If I were to summarize, in a single sentence, the radical philosophy that has infiltrated and ruled the American university for the past seventy years, it would be this: the continuing French Revolution. There was a time when the American and French Revolutions were contrasted, with the American emerging as the superior model. Even a cursory glance at the events in France is enough to make the stomach turn. And yet, we remain under the sway of its philosophy. The cries of Liberté, Égalité, Fraternité still echo, now repackaged in the rhetoric of DEI and conflict theory. The question is whether we can recover the ideals of the American Revolution before the guillotine of ideological purity claims its next victim.

The French Revolution styled itself as the triumph of Reason. Humanity, at long last, was emerging from the Dark Ages, and it was only a matter of time before scientists and philosophers ushered in the perfect society. Everything had to be remade because everything had been mistaken. The revolutionaries taught that humans were born good and were corrupted only by their environment. If education could be made universally accessible, then enlightened teachers could train up a generation that would reconstruct society, eliminating material want—the supposed root of all evil. Ultimately, Rousseau taught that private property was the true source of human corruption, and therefore, its abolition would bring about the good society.

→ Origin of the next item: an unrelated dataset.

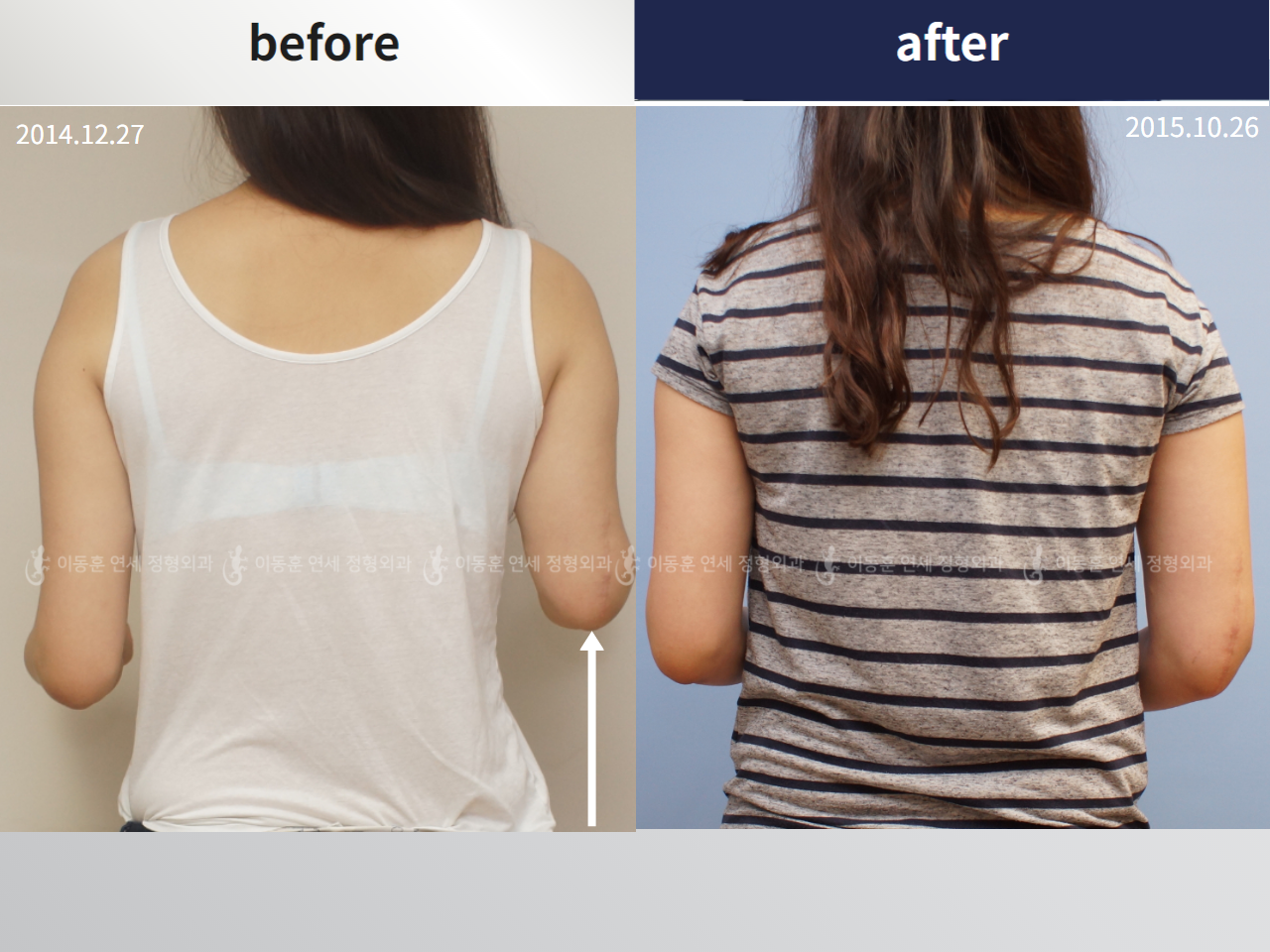 Before and after arm lengthening, case 4249397, image 1, Dr. Donghoon institute (DALRI)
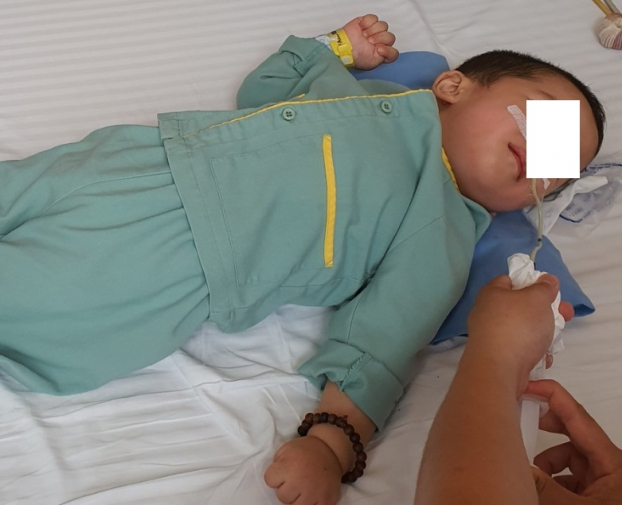   Hóc thạch trong trà sữa trân châu, bé trai 21 tháng tuổi bị bại não. Ảnh GS Thanh Liêm chia sẻ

Hopefully, you can easily see how Marx simply picked up this line of thought. From there, it was only a small step to today’s professors, eager to teach your children for the modest sum of $80,000. Marx formalized the material dialectic, relying on Rousseau’s belief that man is born innocent but corrupted by a society marked by an unequal distribution of material resources. This conflict took many forms, but it always seemed to converge on a single culprit: the white Protestant man, who, we are told, constructed a structurally unjust society to preserve his wealth and oppress everyone else.

The liberty promised by the French Revolution was a liberty from both God and human tradition. For the French philosopher, these were one and the same—since there is no God, anything attributed to Him is merely a human construct. Here, we see the crucial difference between the French Revolution and the Reformation. The Reformers also insisted that human tradition must be judged by a higher standard—but that standard was The Word of God.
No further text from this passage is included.